§ DATA FOR REVIEW:
+++++

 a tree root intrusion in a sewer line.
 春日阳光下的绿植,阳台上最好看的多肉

+++++

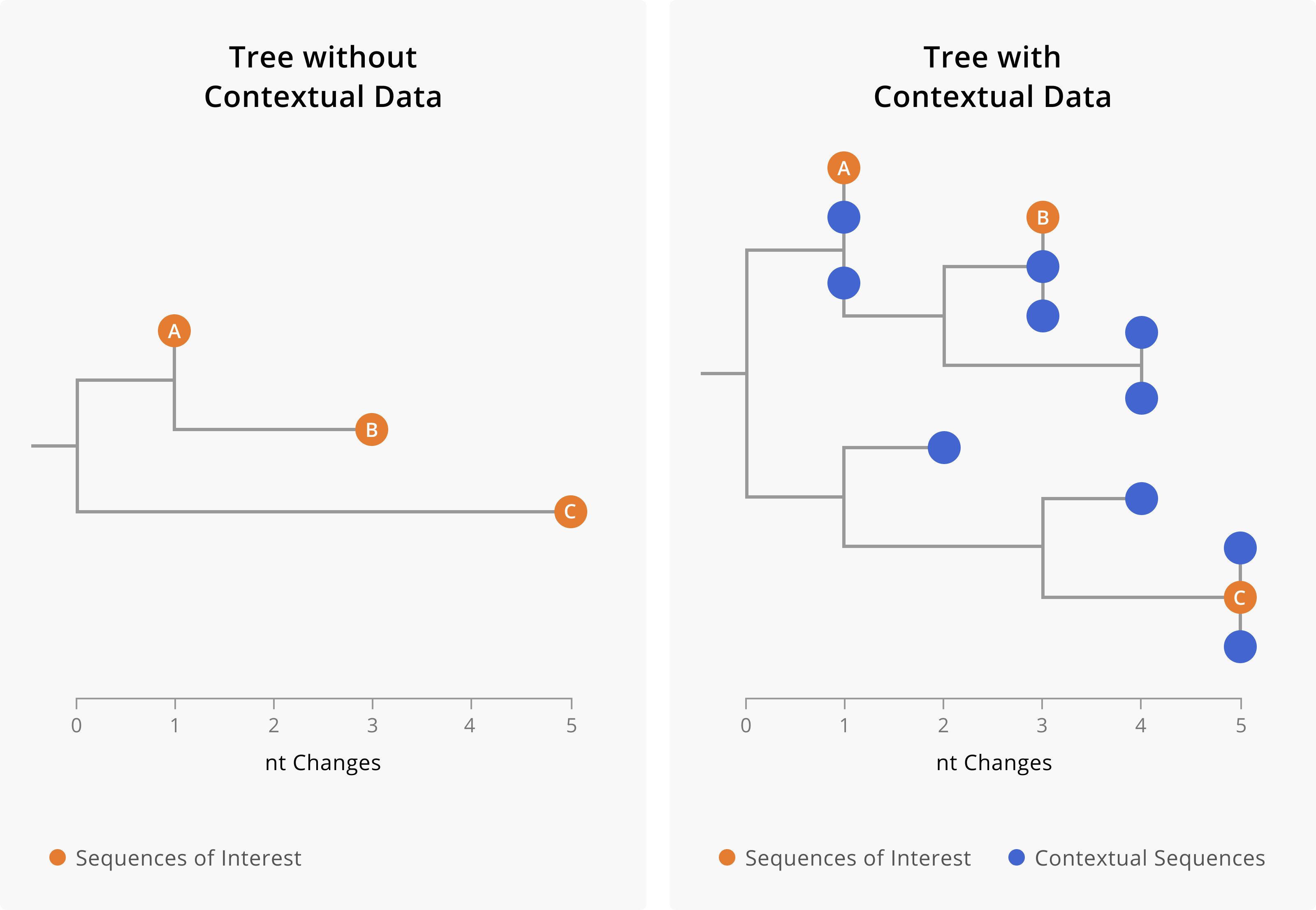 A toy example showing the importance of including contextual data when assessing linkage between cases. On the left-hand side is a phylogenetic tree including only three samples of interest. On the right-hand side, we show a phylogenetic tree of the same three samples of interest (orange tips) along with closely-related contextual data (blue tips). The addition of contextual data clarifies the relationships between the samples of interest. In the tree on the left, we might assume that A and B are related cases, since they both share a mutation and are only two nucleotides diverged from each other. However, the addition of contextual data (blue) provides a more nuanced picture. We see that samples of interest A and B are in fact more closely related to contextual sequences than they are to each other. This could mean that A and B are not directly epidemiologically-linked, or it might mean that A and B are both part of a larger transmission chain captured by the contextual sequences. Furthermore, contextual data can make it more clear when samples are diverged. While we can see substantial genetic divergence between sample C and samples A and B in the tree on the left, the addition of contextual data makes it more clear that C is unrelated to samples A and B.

+++++

Reproduce exactly, and only, the part of the listing above that begins at the line with "a tree root intrusion in a sewer line." and goes on through the line with "春日阳光下的绿植,阳台上最好看的多肉".

§ EXERCISE RESULT:
 a tree root intrusion in a sewer line.
 春日阳光下的绿植,阳台上最好看的多肉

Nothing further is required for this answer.